Para quem, como vós, a acompanhou
no difícil processo de criação desta instituição, perdura a imagem plena de
determinação do seu rosto incentivando-nos a seguir em frente, prova da sua
inigualável capacidade de incutir nos que com ela operavam a ideia de que,
juntos, eram capazes de atingir os desejados objectivos, ciente como era de que
a única luta que se perde é aquela que se abandona.
Recorde-se ainda que, membro do
escol de dirigentes que então se evidenciou no projecto conducente à
independência de S. Tomé e Príncipe, Alda Espírito Santo, embrenhando-se na
estrada da imaginação, sacou do recanto mais profundo do seu ego patriótico o
texto do que seria (e é ainda) o Hino Nacional, cujos versos retratam, de forma
assaz indesmentível, o seu fervoroso apego à terra e ao povo, ao consenso, à
solidariedade e à conjugação de esforços na nobre defesa dos interesses
nacionais, num apelo para que o futuro se pudesse consubstanciar num ciclo
histórico favorável à sua ditosa concretização.

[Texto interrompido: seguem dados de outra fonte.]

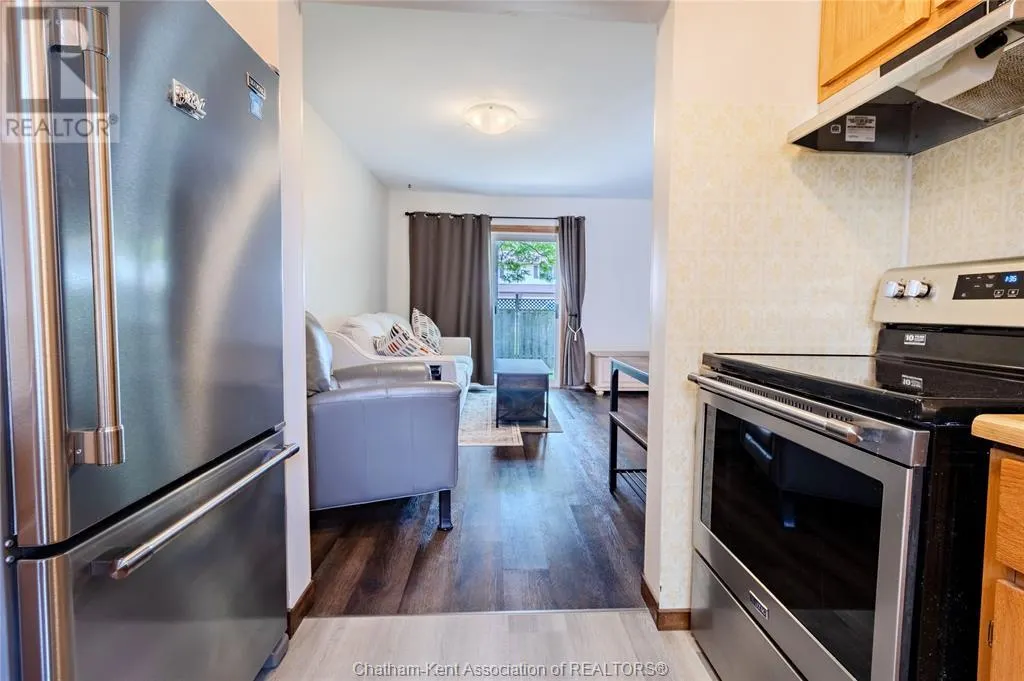393 BALDOON ROAD Unit# 32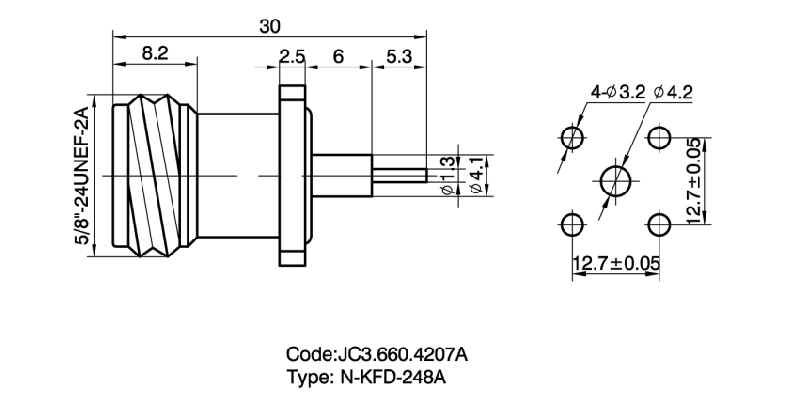 660.4207A N-KFD-248A 详情页2.png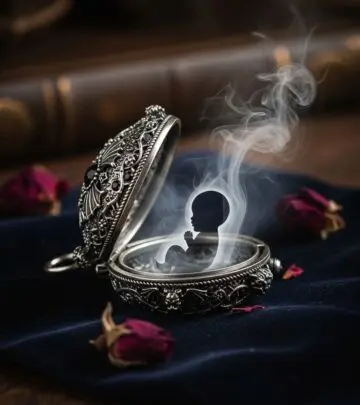 Evocative monikers that channel gothic romance, mythic power, and haunting elegance.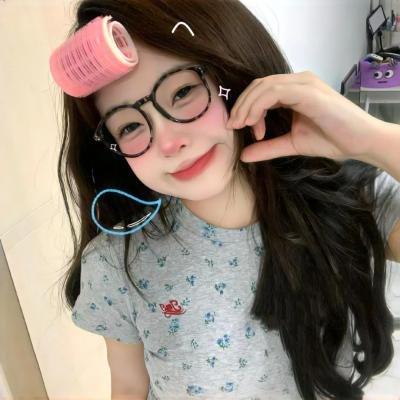 夜游者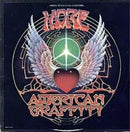 Soundtrack - More American Graffiti (Vinyle Usagé)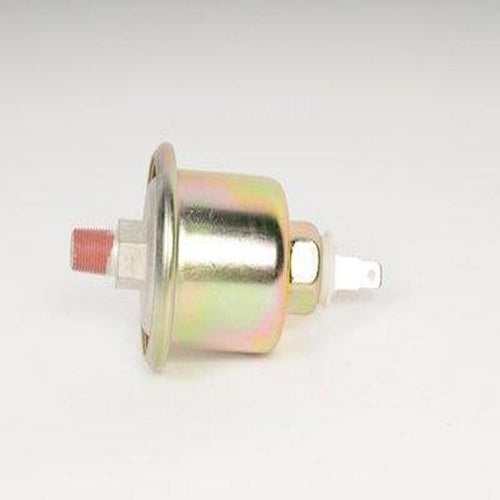 Gold D1829 Engine Oil Pressure Sensor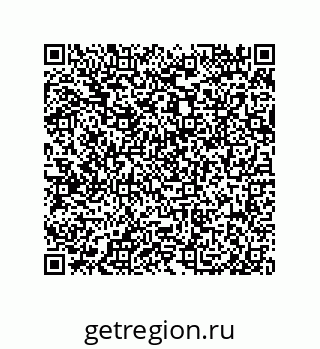 79291768908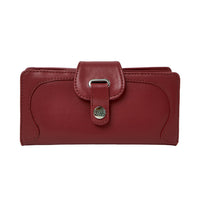 Sophie Martin Dompet Wanita New Strap Wallet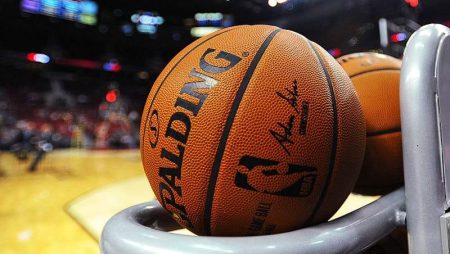 A Beginner’s Guide to Handicap Betting in Basketball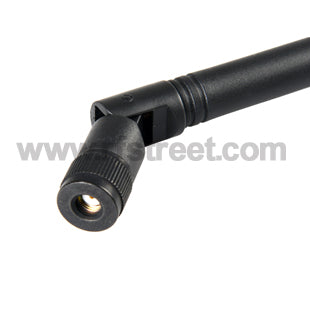 2-4GHz-5GHz-6dBi-double-frequency-Omni-WIFI-Antenna-RP-SMA-for-wireless-router_WA2-2712-S02SP-060_PT00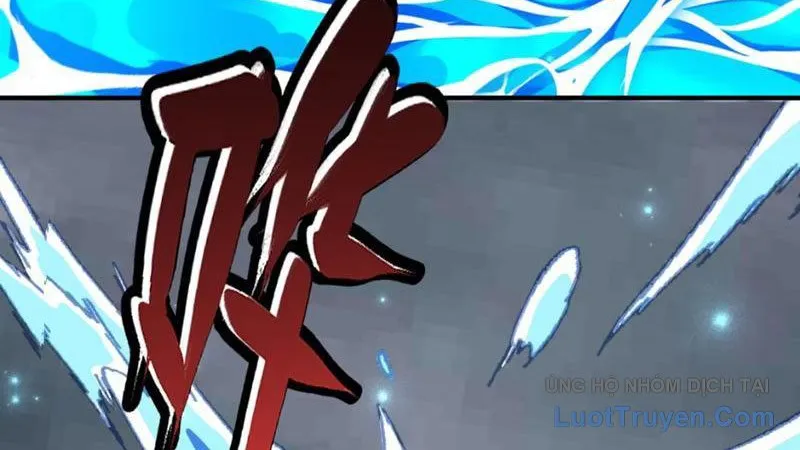 Toàn Bộ Fan Của Ta Đều Là Ma Nữ Chap 18 - Next Chap 19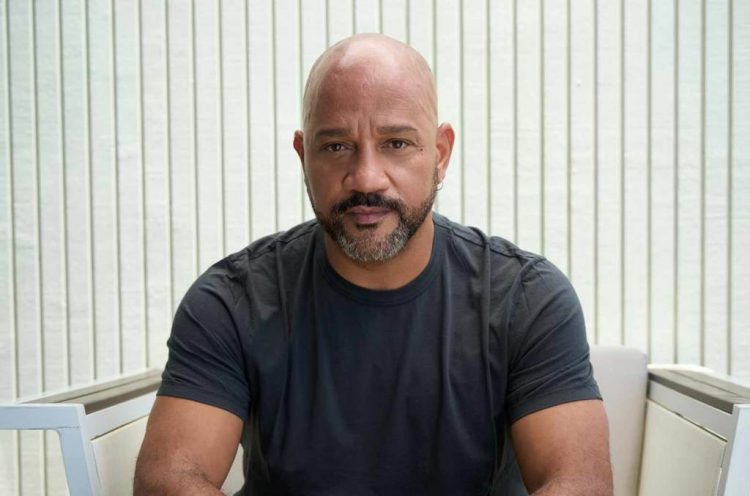 How ‘Dear Mama,’ The Best Tupac Doc Yet, Got Made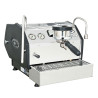 La Marzocco GS3 AV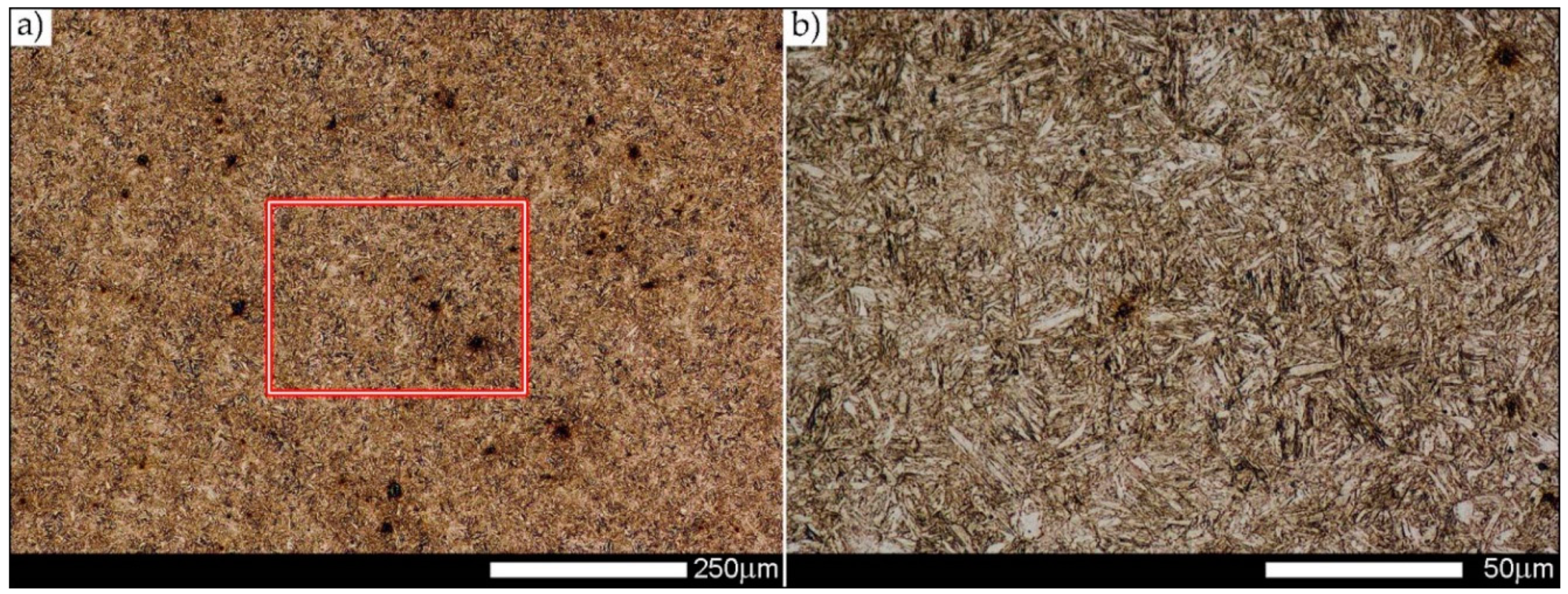 Metals 09 00915 g014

Eis-nos, agora, na cerimónia com
que honramos, uma vez mais, a memória de Alda Espírito Santo, tendo bem
presente que não nos devemos eximir ao reencontro com a convicção que ela
exprimia ao reiterar que estamos do mesmo lado da canoa, bem assim, a
persistência que colocava nos empreendimentos sob a sua direcção,
Dez anos após a data fatídica do
seu desaparecimento, perpassam por nós um fluxo extraordinário de recordações
de uma personalidade de rara dimensão histórica, cultural, política e cívica.
Por tudo isso, recordar Alda
Espírito Santo é rememorar o exemplo de uma mulher em que a coragem, a
frontalidade, a persistência, o inconformismo e o fervoroso amor pátrio
constituíram traços destacados da sua personalidade.
Disse um dia o poeta, numa
fatídica referência à morte: “não mais verás a chuva a bater na vidraça, /nem
ouvirás o rumor do vento na floresta, /nem as aves abrindo as janelas da
manhã”(1).
Ora, se é verdade que já não somos capazes de ter de
novo entre nós aquela que tanto se empenhou em prol da UNEAS e da cultura
santomense, de que era como que a irredutível depositária, apropriemo-nos
então, orgulhosos e decididos, do legado social e cultural que nos deixou, o qual
depõe nas nossas mãos uma fabulosa ferramenta para a prossecução dos ditosos
trilhos do futuro.
Enfim, algo de marcante que
a sua memória nos obriga a preservar, na construção desse amado S. Tomé e
Príncipe que, tal como ela, todos desejamos mais próspero, mais justo, mais
solidário e mais digno
Fim/ Wildiley Barroca, Secretário-Geral da União Nacional dos Escritores e Artistas de São Tomé e Príncipe.